(Given information):
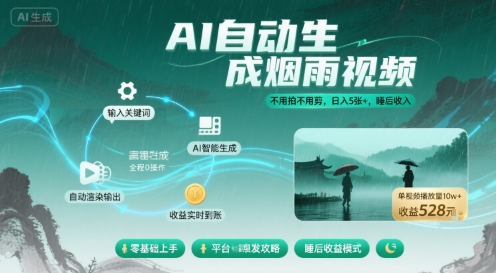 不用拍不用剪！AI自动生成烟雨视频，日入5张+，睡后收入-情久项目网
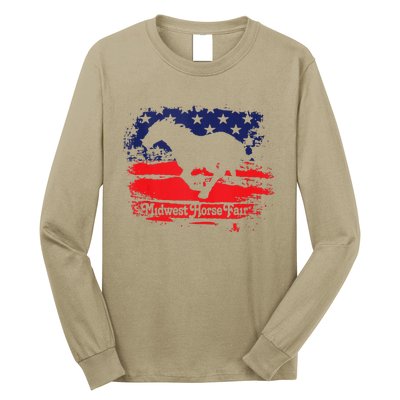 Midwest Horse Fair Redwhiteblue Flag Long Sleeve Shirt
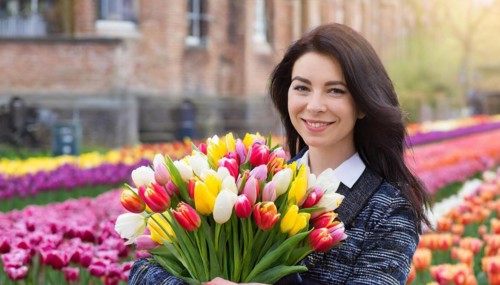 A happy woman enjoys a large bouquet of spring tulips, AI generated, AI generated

---

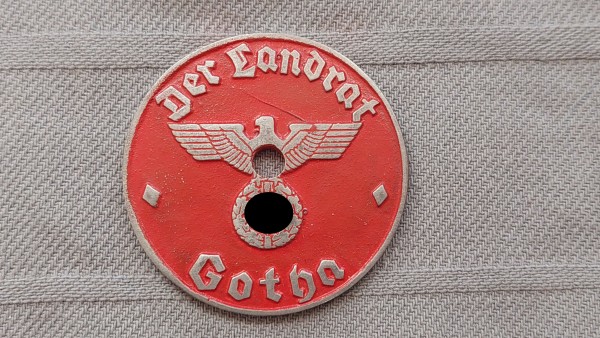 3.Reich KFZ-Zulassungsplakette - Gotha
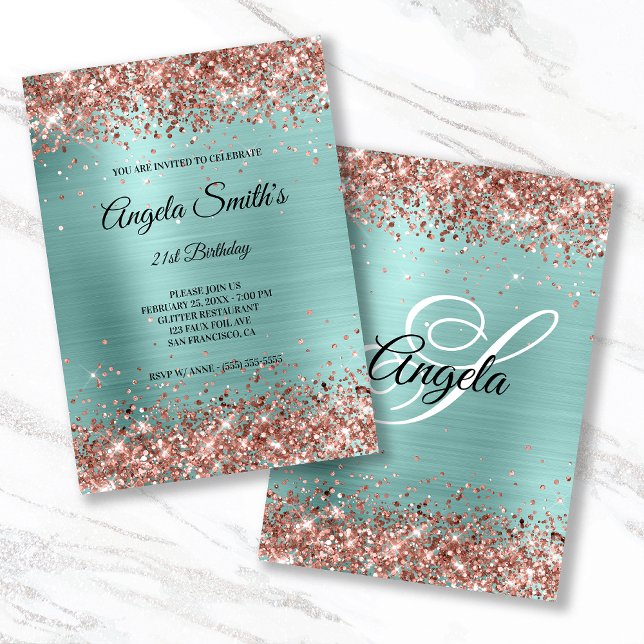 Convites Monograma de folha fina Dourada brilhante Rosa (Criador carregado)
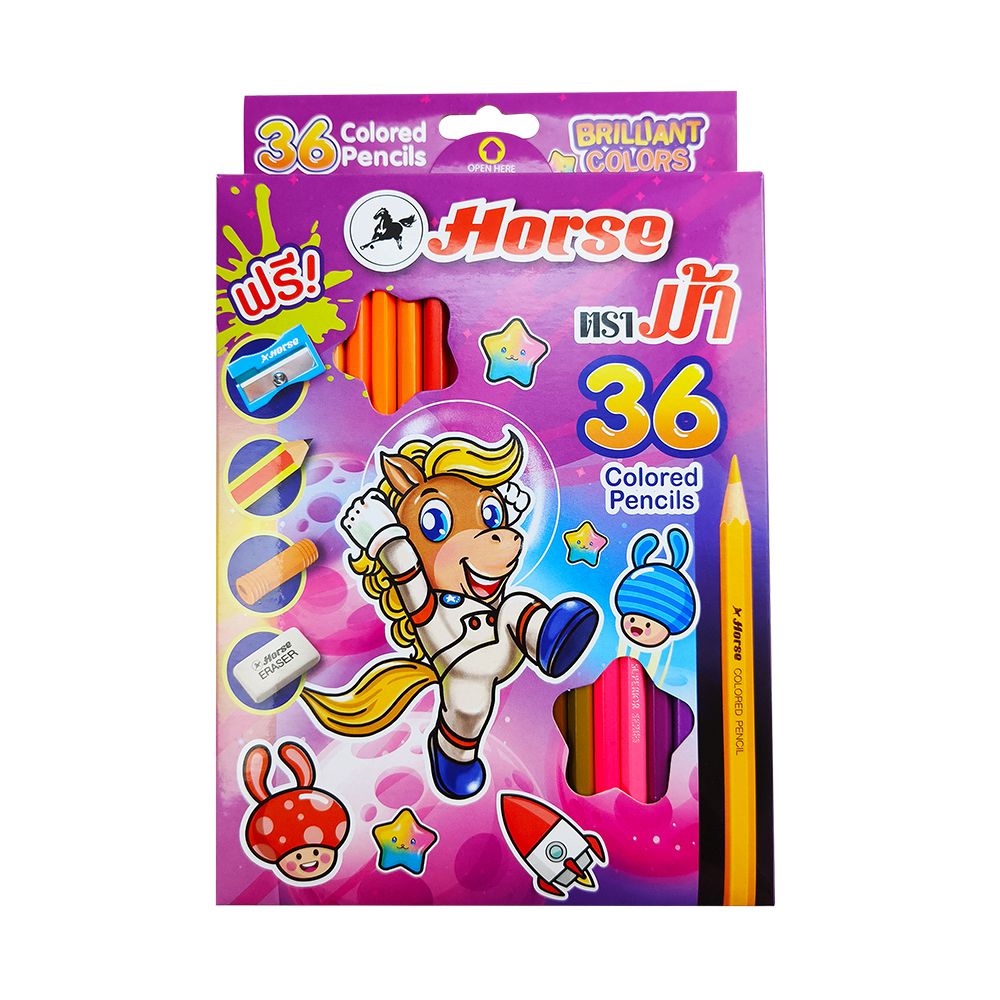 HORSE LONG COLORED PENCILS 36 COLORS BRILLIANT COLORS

* * *

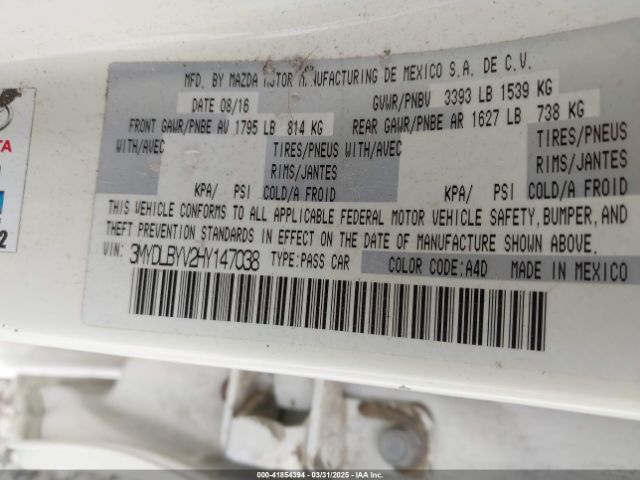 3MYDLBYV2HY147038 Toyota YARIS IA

(Work instructions):
Copy the entries above exactly, but only the stretch from the line containing "不用拍不用剪！AI自动生成烟雨视频，日入5张+，睡后收入-情久项目网" through the line containing "A happy woman". Keep both end lines; drop the pictures.

(Solution):
 不用拍不用剪！AI自动生成烟雨视频，日入5张+，睡后收入-情久项目网
 Midwest Horse Fair Redwhiteblue Flag Long Sleeve Shirt
 A happy woman enjoys a large bouquet of spring tulips, AI generated, AI generated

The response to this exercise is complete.